:: Input material ::

....

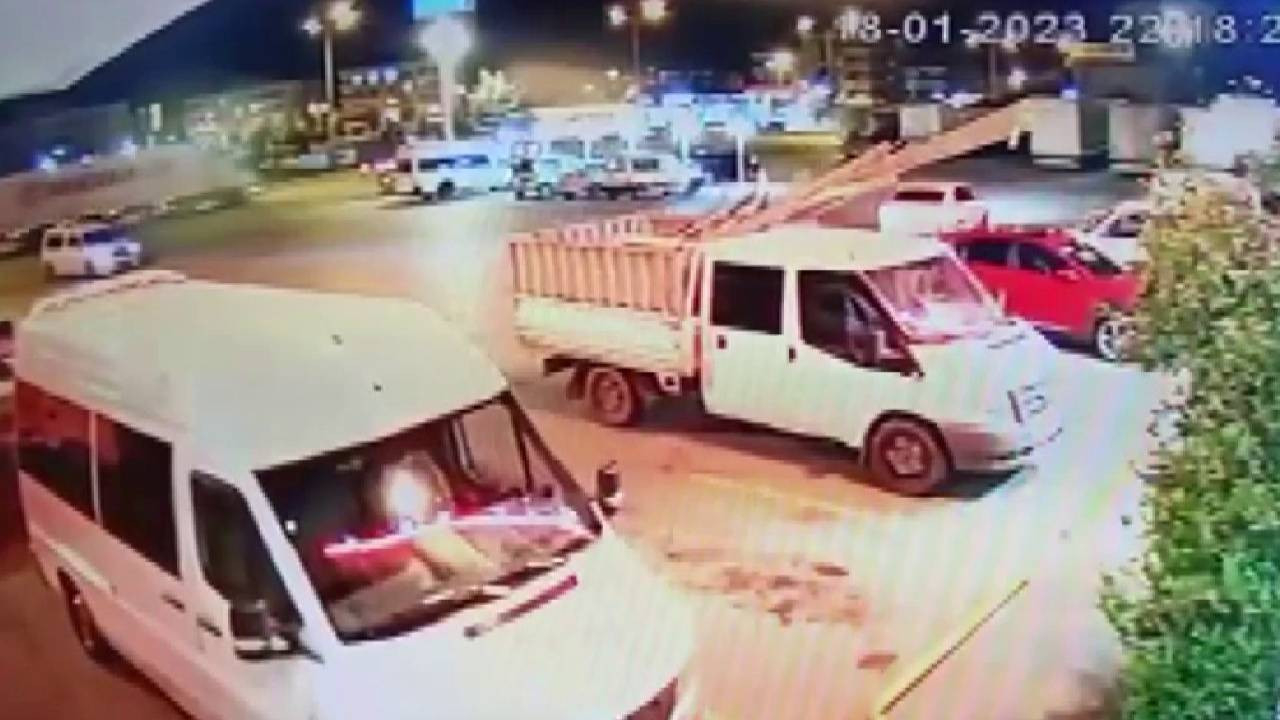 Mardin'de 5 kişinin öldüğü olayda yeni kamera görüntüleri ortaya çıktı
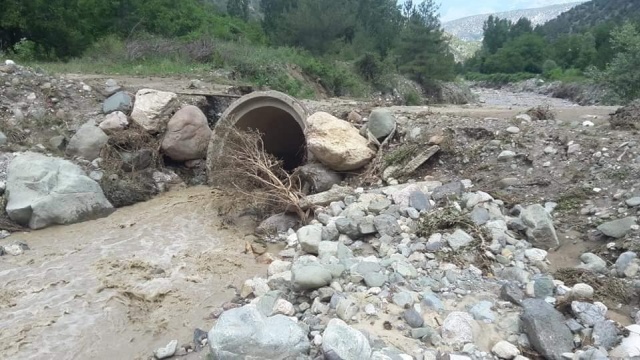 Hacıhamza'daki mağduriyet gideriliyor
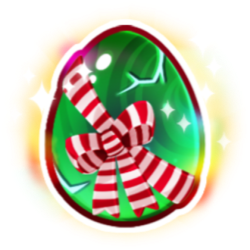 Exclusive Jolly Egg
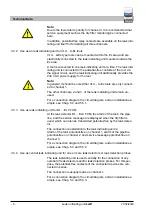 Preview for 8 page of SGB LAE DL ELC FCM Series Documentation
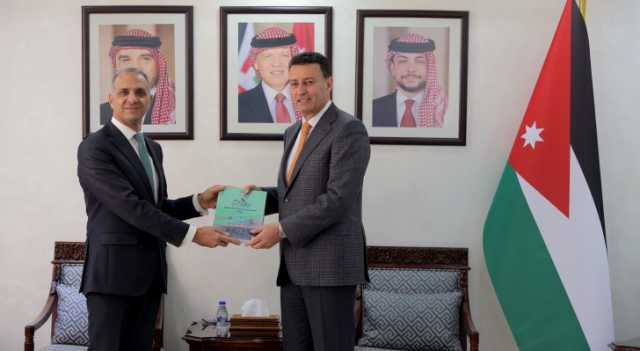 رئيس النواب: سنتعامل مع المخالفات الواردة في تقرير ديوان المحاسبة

....

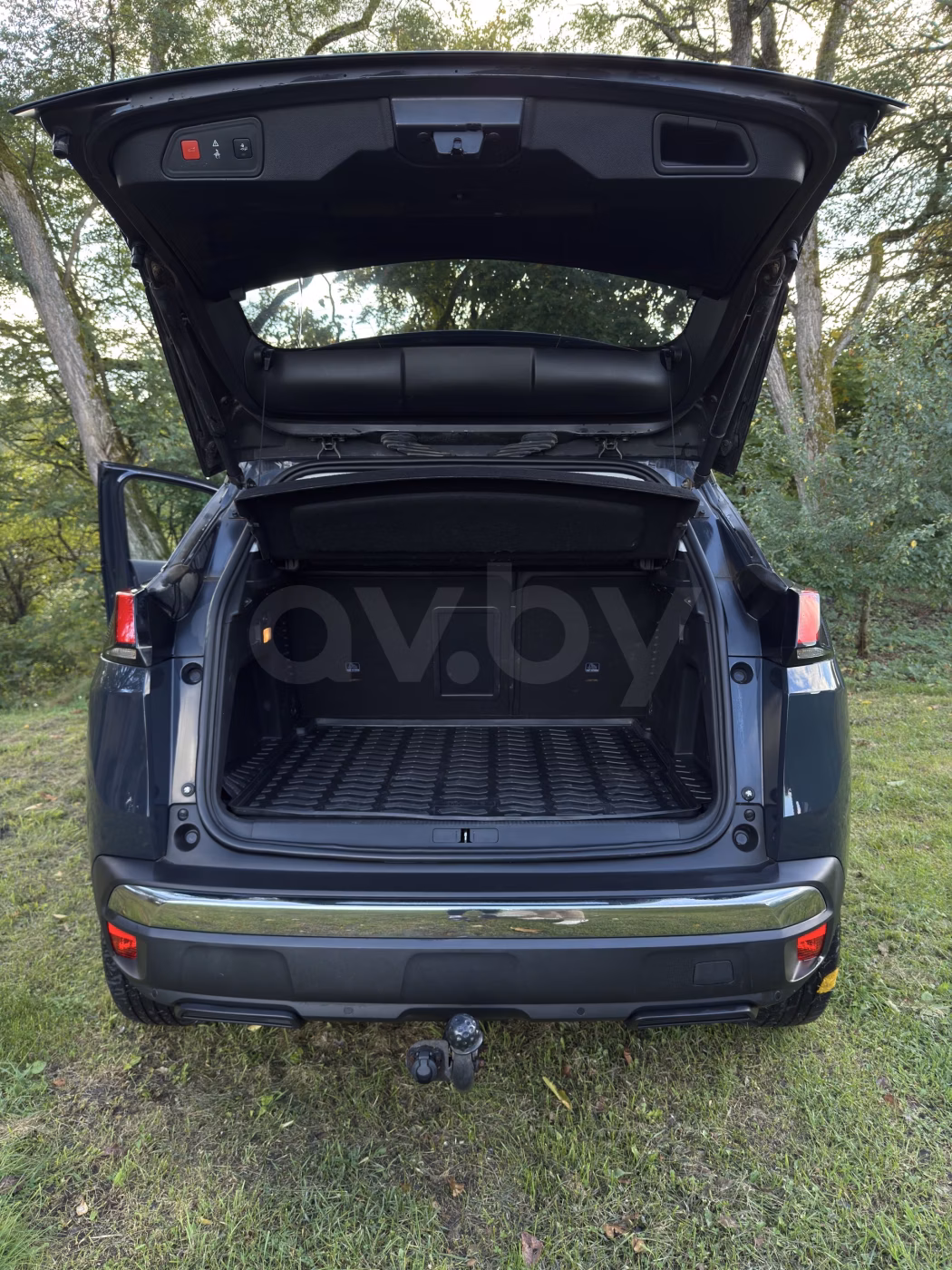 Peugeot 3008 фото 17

....

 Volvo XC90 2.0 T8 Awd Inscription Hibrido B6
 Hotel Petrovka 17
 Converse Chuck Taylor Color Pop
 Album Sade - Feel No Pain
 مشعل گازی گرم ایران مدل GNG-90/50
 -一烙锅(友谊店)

....

Out of the records above, please copy exactly the lines from the line with "Mardin'de 5 kişinin" up to and including the line with "رئيس النواب: سنتعامل", minus the pictures.

 Mardin'de 5 kişinin öldüğü olayda yeni kamera görüntüleri ortaya çıktı
 Hacıhamza'daki mağduriyet gideriliyor
 Exclusive Jolly Egg
 Preview for 8 page of SGB LAE DL ELC FCM Series Documentation
 رئيس النواب: سنتعامل مع المخالفات الواردة في تقرير ديوان المحاسبة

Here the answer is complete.